A similar enhancement in shrimp growth performance with the dietary inclusion of BSFLM has been reported by other authors who investigated the use of BSFLM for post-larval P. vannamei (PL41, 0.1 grams initial BW). They reported that all diets with BSFLM improved weight gain, FCR and specific growth rate (SGR) compared to the diet with the highest FML level. Additionally, they reported that SGR was significantly improved from the dietary inclusion of 4.5 percent, while FCR was significantly improved at 7.5 percent. And other researchers have identified BSFLM as one of the top two options for improving the growth performance of juvenile P. vannamei (0.17 and 11.1 grams initial and final BW, respectively) among seven insect meals.

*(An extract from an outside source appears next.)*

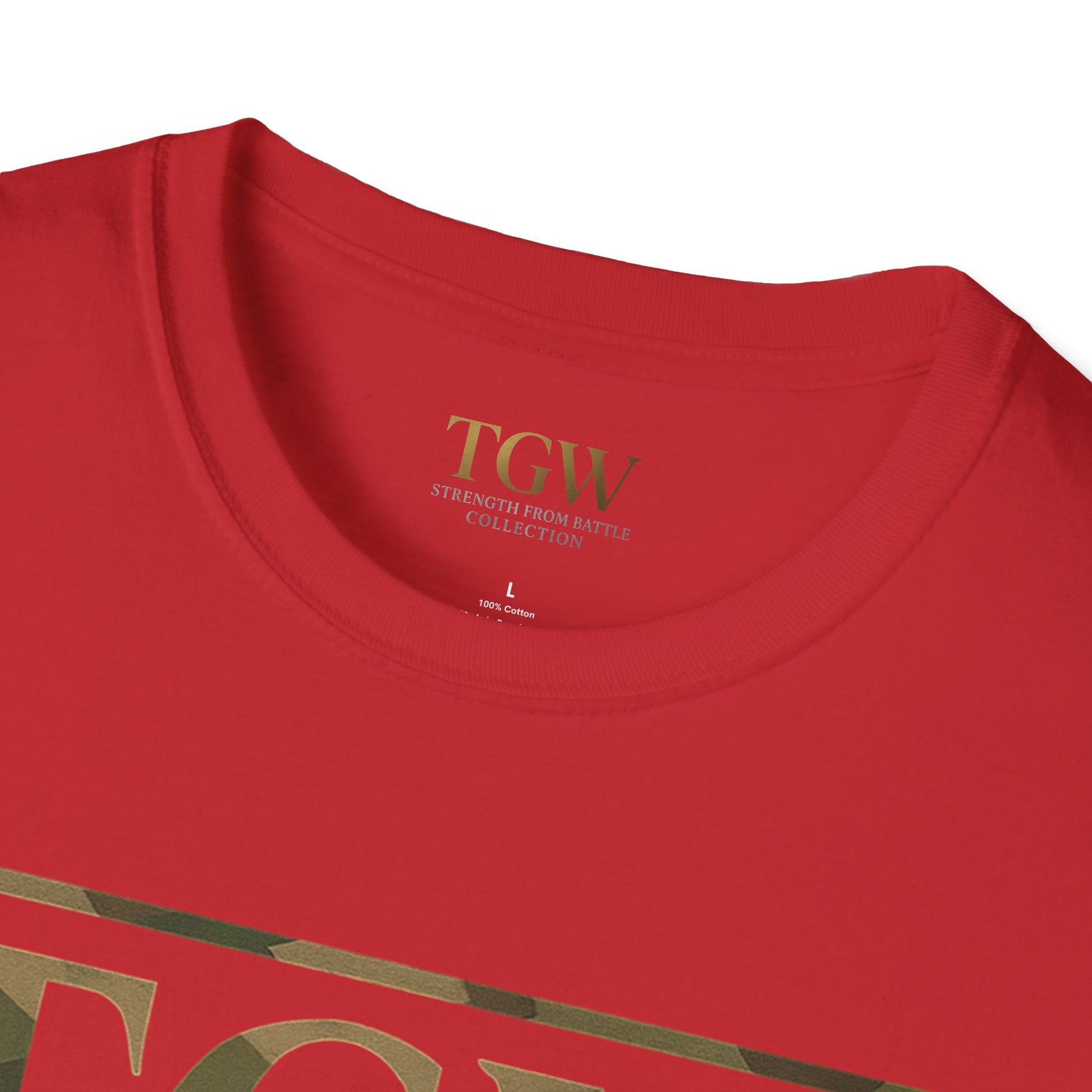 Honor Series T-Shirt | Comfortable Graphic Tee for Everyday Wear, Gift for Him, Her, Casual Outfit, Fashion Statement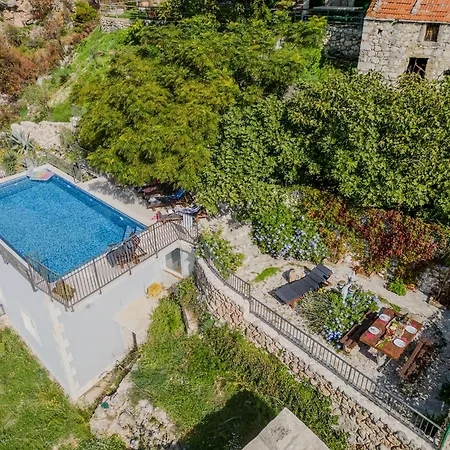 Stina Villa Tučepi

We have found that the return on investment (ROI) for farming shrimp until 23.5 grams can be impacted by the price and dietary inclusion of BSFLM in nursery diets. As the price of BSFLM rises along with its inclusion level, there is a progressive decrease in ROI. Nonetheless, a noticeable reduction in ROI occurred only when replacing more than 75 percent of FML, but this occurred when the price of BSFLM surpassed $3.04 per kg. At 100 percent fishmeal replacement, a price of $2.65 per kg for the BSFLM was still advantageous. It is important to note that these economic simulations focused solely on the impact of shrimp survival and FCR during the nursery phase in response to dietary treatment.

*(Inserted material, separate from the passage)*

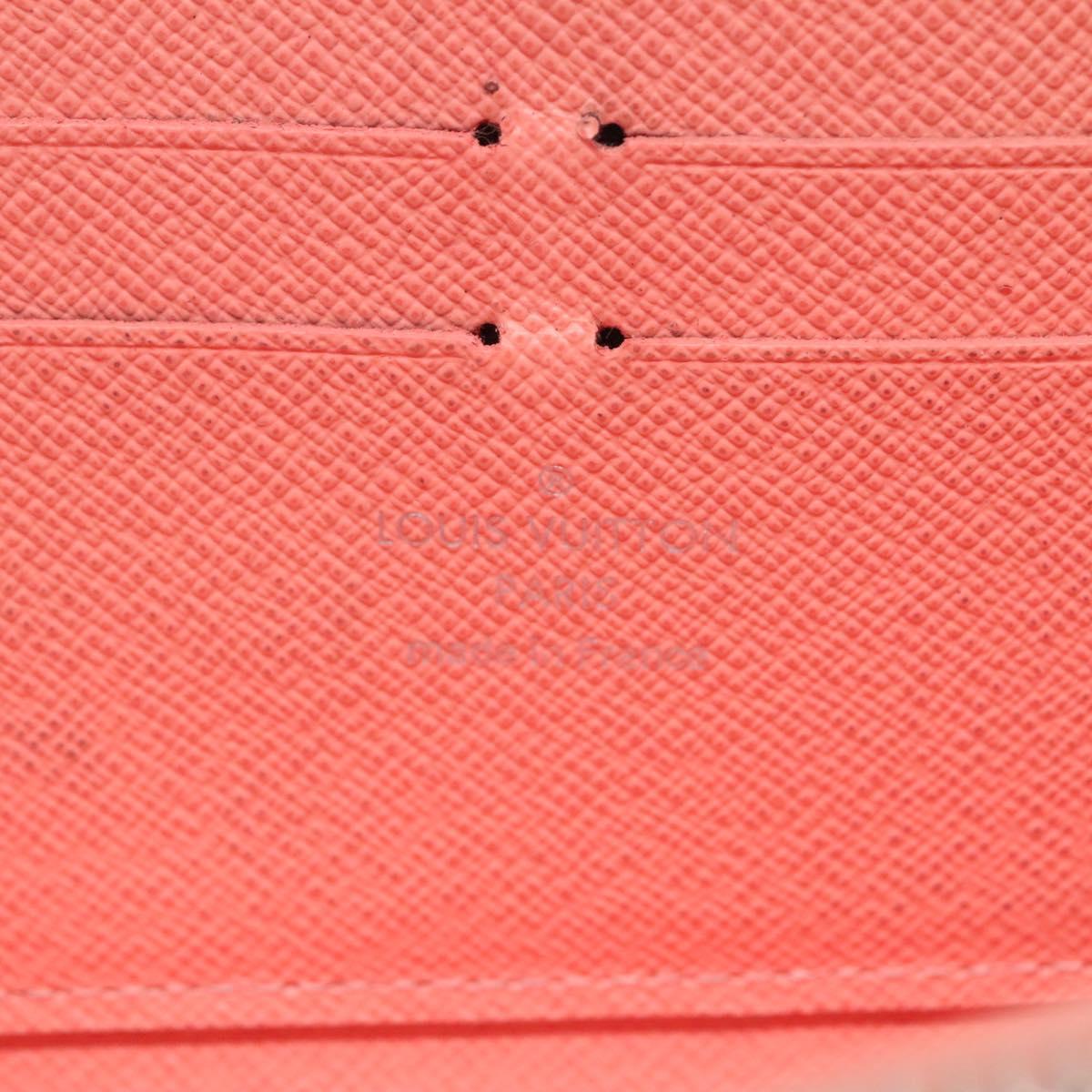 Louis Vuitton Portefeuille zippy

Fig. 2: Mean (± standard error) return on investment (ROI) for different dietary inclusion levels of fishmeal and BSFLM in diets for post-larval P. vannamei. ROI simulations were based on a fixed price of $1.86 per kg for fishmeal and a baseline price of $2.00 per kg for BSFLM with 15 percent gradual increase in price. Diet BSF0 percent with no replacement of fishmeal at 22.00 percent dietary inclusion; diet BSF25 percent with 25 percent replacement of fishmeal (16.50 percent) for BSFLM (6.33 percent); diet BSF50 percent with 50 percent replacement of fishmeal (11.00 percent) for BSFLM (13.04 percent); diet BSF75 percent, with 75 percent replacement of fishmeal (5.50 percent) for BSFLM (19.74 percent); and diet BSF100 percent, with 100 percent replacement of fishmeal for BSFLM (26.46 percent). Common letters indicate non-statistically significant differences according to Duncan’s test at 0.05 significant level.

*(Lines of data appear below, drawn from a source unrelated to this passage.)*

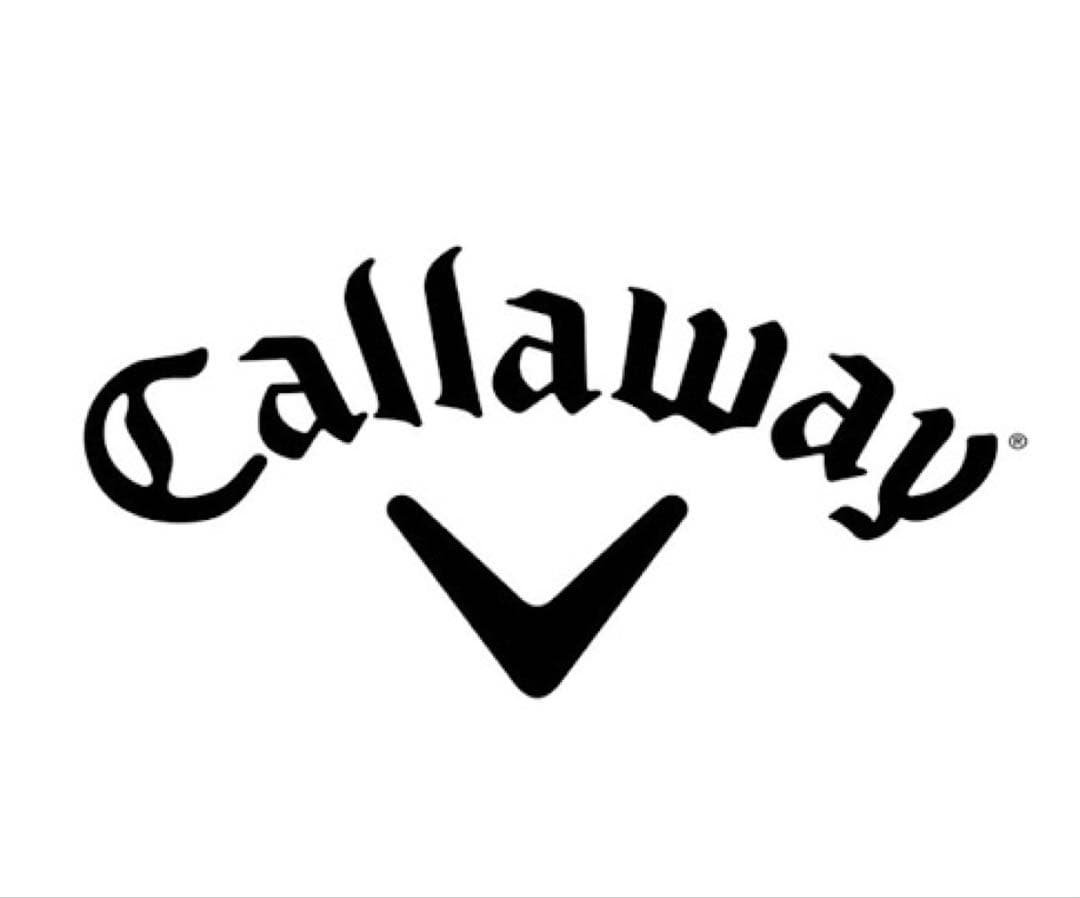 Callaway キャロウェイ モックネック トレーナー M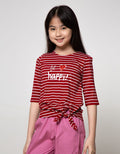 Exit Girls Jehan Shirts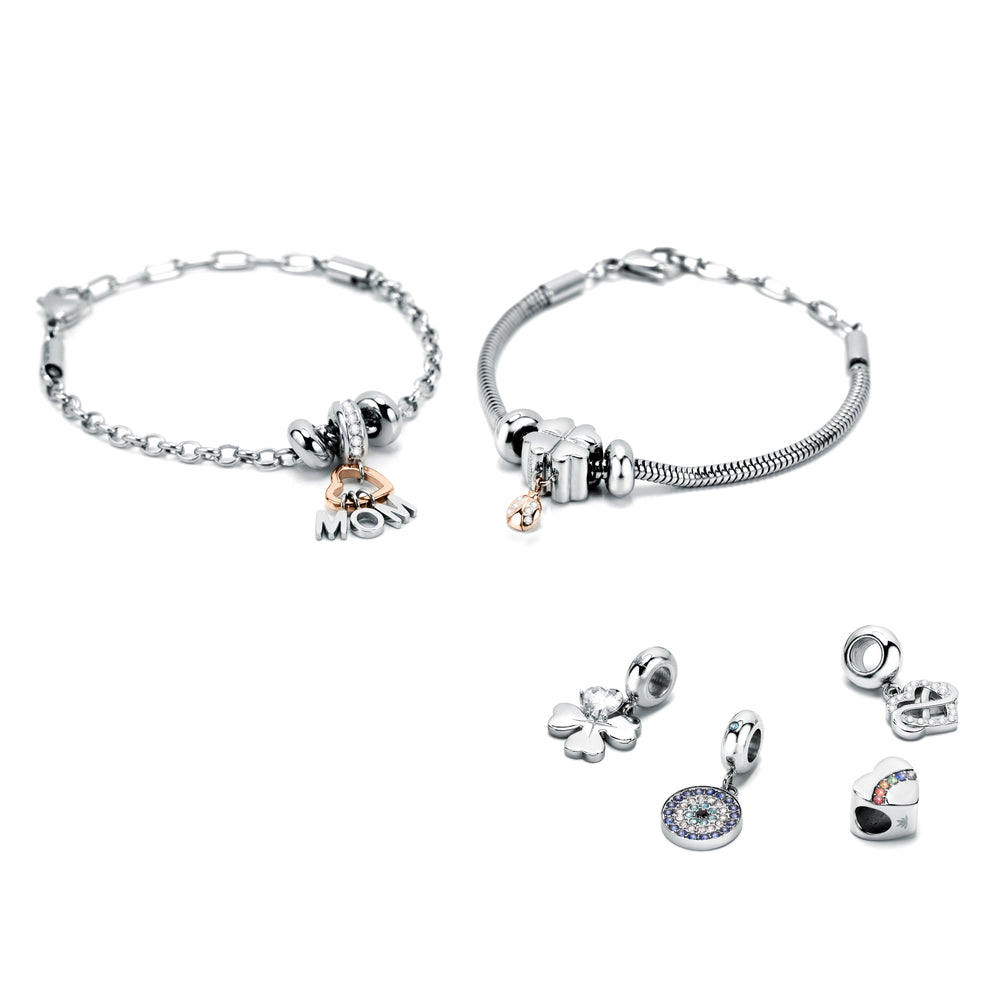 
                  
                    CHARM DONNA MORELLATO DROPS SCZ1140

Shrimp BW at the end of the nursery phase also plays a crucial role in subsequent shrimp performance. For example, initiating the grow-out phase with larger shrimp can lead to shorter production cycles, early harvest, reduced operating costs, and increased annual yield. In our simulations, the operating costs associated with the use of nursery diets accounted for a small portion of the total feed costs to produce a 23.5-gram shrimp, ranging from 3.8 to 4.5 percent depending on the diet formulation. This is attributed to the minimal feed quantities used in the early stages of shrimp culture. The nursery phase allows for greater control of feed inputs due to smaller, more compact farming areas, resulting in lower FCRs compared to grow-out.


Based on our findings in the present study, it can be concluded that fishmeal can be fully replaced with BSFLM in well-balanced nursery diets for P. vannamei (individual weights between 2.7 and 600 mg. This corresponds to a dietary inclusion level of 26.46 percent BSFLM (percent of the diet, as-is).

While the full replacement of FML for BSFLM was successfully accomplished, it should be noted that the competitive return on investment (ROI) was sustained only when the maximum price of BSFLM did not exceed U.S. $3.04 per kg. This price level corresponds to a maximum dietary inclusion of 19.74 percent or a 75 percent replacement of fishmeal. Further research may be necessary to fine-tune cost-effective inclusion levels of BSFLM to optimize the economic outcomes while considering the fluctuating prices of fishmeal.